Noch habe ich zwar außer "Raised On Rock" (dürfte sich auf der Tour mit diversen Klassikern um die Opener-Position in der Setlist kloppen) keinen herausragenden Song für die Gallerie gefunden, aber das Album als Ganzes wächst mit jedem Hören und offenbart keine nennenswerten Schwachstellen. Im Gegenteil, die bekannten individuellen Trademarks der Band stehen stets klar im Vordergrund: Klaus Meine bringt seine fast 62-jährigen (!) unverkennbaren Stimmbänder wie gewohnt zu Hochleistungen, Rudolf Schenker schüttelt stets mannschaftsdienlich Power-Riffs aus dem Handgelenk und Matthias Jabs veredelt die Songs durch seine imposanten aber nie überkandidelten Leads (und darf auch kurz die Talk-Box auspacken). Und dann noch diese großartigen Hooks...
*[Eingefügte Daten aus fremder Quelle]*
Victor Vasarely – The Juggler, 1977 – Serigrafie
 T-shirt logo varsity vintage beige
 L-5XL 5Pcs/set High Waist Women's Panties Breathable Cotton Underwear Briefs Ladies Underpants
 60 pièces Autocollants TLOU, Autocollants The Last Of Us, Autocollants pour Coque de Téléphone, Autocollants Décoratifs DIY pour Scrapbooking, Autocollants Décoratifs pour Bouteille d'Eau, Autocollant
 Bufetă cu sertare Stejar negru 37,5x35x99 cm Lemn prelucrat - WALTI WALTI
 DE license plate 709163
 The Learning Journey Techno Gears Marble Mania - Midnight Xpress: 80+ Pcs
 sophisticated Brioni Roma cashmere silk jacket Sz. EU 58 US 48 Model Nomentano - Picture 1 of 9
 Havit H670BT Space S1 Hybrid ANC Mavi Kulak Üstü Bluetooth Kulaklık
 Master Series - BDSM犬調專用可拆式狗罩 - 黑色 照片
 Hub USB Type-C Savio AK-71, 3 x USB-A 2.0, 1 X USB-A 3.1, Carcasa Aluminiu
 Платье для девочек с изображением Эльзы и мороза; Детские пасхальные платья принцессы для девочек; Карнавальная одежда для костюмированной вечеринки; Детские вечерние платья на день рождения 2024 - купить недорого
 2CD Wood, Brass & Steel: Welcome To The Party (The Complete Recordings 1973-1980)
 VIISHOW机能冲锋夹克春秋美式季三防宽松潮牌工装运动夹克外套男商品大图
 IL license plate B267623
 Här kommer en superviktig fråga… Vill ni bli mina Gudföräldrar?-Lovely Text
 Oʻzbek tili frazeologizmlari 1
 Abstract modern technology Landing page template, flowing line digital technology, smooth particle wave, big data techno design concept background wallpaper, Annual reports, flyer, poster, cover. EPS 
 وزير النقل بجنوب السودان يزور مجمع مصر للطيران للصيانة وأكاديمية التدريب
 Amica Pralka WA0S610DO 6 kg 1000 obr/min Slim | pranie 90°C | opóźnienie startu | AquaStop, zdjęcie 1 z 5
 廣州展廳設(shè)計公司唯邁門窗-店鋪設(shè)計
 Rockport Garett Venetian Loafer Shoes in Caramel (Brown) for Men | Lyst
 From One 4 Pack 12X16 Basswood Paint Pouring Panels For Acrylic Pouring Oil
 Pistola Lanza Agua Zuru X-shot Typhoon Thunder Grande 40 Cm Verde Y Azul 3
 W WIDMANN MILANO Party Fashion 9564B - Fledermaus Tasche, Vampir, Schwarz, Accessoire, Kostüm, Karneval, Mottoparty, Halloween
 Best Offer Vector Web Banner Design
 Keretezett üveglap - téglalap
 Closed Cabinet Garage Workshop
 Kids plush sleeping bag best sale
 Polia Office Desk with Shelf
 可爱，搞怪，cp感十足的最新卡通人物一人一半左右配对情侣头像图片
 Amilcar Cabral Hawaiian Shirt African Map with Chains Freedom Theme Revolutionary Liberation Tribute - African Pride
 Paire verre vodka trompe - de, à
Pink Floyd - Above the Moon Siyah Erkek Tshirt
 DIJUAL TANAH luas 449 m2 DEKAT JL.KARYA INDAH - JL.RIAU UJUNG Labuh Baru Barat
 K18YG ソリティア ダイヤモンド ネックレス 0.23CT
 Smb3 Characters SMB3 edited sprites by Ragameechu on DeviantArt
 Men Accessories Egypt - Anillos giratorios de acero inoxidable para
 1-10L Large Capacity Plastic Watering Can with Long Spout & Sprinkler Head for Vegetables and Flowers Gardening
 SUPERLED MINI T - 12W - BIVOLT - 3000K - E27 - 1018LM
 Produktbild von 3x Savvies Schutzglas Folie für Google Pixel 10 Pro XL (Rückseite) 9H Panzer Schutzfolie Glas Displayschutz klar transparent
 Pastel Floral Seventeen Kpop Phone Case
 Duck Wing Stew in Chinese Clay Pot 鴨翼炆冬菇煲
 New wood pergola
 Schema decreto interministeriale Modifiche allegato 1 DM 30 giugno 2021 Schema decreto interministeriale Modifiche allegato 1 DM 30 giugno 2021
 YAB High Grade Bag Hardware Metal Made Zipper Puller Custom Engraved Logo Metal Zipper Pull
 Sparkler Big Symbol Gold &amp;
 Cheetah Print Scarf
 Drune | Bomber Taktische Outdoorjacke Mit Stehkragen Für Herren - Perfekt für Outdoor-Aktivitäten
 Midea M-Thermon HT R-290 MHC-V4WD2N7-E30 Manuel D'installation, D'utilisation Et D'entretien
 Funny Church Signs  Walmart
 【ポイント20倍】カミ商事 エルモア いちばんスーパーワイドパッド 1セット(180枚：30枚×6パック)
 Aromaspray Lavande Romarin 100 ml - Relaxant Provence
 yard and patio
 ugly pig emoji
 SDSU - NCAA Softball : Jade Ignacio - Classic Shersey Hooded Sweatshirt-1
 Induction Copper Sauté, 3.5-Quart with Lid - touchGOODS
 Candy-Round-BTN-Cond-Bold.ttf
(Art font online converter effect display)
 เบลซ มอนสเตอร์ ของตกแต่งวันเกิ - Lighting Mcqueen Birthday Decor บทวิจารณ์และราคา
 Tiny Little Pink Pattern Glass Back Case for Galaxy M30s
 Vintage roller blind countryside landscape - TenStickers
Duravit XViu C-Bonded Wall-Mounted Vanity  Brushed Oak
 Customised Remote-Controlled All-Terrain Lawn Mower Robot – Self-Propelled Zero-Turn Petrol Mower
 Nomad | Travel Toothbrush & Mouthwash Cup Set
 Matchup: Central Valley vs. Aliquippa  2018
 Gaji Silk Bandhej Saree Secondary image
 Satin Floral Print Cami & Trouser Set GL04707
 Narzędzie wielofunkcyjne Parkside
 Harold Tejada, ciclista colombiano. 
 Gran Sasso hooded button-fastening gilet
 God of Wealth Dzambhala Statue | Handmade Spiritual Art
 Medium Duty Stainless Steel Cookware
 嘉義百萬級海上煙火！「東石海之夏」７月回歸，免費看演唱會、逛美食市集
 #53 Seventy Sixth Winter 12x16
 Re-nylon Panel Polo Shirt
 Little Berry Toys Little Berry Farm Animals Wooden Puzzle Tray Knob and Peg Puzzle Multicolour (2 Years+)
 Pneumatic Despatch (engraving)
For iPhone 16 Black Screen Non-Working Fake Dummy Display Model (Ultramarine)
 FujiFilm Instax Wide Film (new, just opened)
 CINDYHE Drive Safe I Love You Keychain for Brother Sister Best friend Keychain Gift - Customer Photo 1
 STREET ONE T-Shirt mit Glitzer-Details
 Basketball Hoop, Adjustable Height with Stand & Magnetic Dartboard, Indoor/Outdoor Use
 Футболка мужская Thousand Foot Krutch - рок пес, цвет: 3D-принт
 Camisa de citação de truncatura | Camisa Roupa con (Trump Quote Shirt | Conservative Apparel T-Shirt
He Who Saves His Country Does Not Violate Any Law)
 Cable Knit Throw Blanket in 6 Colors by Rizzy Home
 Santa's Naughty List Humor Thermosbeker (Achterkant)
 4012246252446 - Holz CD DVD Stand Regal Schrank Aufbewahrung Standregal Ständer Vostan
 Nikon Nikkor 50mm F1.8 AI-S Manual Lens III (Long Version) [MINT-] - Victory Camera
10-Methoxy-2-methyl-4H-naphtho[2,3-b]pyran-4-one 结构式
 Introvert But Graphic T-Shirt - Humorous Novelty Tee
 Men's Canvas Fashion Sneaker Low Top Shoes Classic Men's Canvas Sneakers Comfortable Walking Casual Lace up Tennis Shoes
Die obligatorischen Balladen gibt es mit "Lorelei" (erinnert wegen der Keyboards ein wenig an "Send Me An Angel") und "SLY" (bewusste Referenz an einen alten Bandklassiker), wobei beide auf der melancholischen Schiene unterwegs sind. Das gilt auch für das hymnische "The Good Die Young" (feat. Tarja Turunen, im Hintergrund) - beinahe die dritte Ballade. Und nochmals wird es eher zart: der Closer "The Best Is Yet To Come" bringt zum Abschluss rührige und tröstende Worte an die Fans zum Ausdruck (ob sie mit "the Best" die kommende Tour meinen?). Beachtenswert: die in ihrer "schwachen" Phase oft für ihre Medienauftritte belächelten "Weltmänner" greifen mit "Lorelei" das Thema einer deutschen Sagengestalt auf.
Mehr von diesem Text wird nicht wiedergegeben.